(Data provided):
+ + +
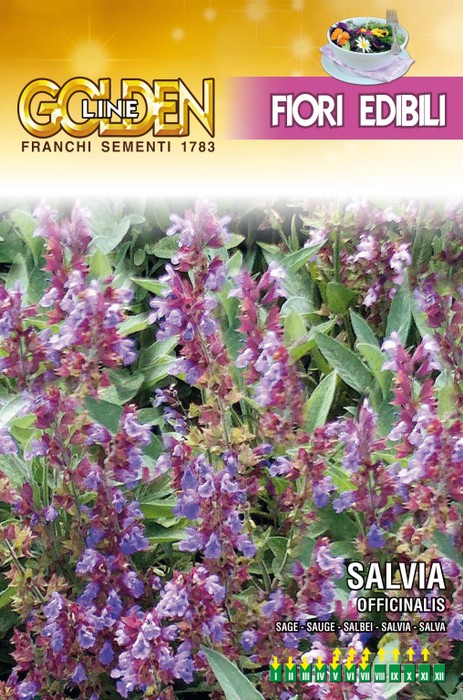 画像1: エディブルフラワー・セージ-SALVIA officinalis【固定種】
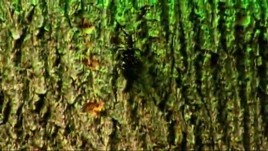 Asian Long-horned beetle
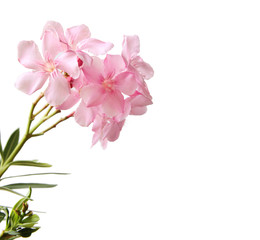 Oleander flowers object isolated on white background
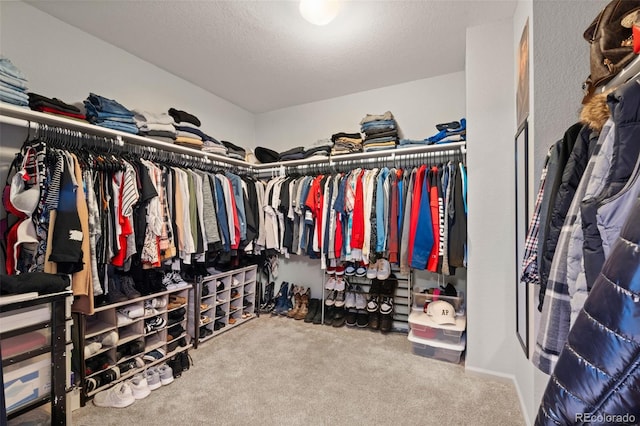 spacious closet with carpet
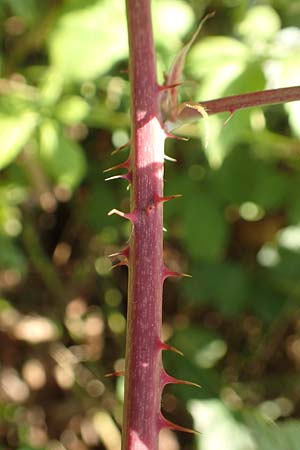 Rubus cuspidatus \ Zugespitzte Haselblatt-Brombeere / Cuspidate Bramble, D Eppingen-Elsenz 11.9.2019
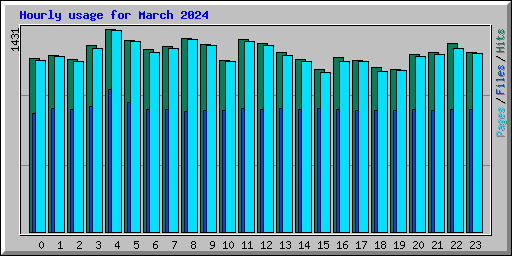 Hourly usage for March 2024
+ + +
(Activity):
Leave out the pictures and transcribe the entries above exactly.

(Reply):
 画像1: エディブルフラワー・セージ-SALVIA officinalis【固定種】
 Asian Long-horned beetle
 Oleander flowers object isolated on white background
 spacious closet with carpet
 Rubus cuspidatus \ Zugespitzte Haselblatt-Brombeere / Cuspidate Bramble, D Eppingen-Elsenz 11.9.2019
 Hourly usage for March 2024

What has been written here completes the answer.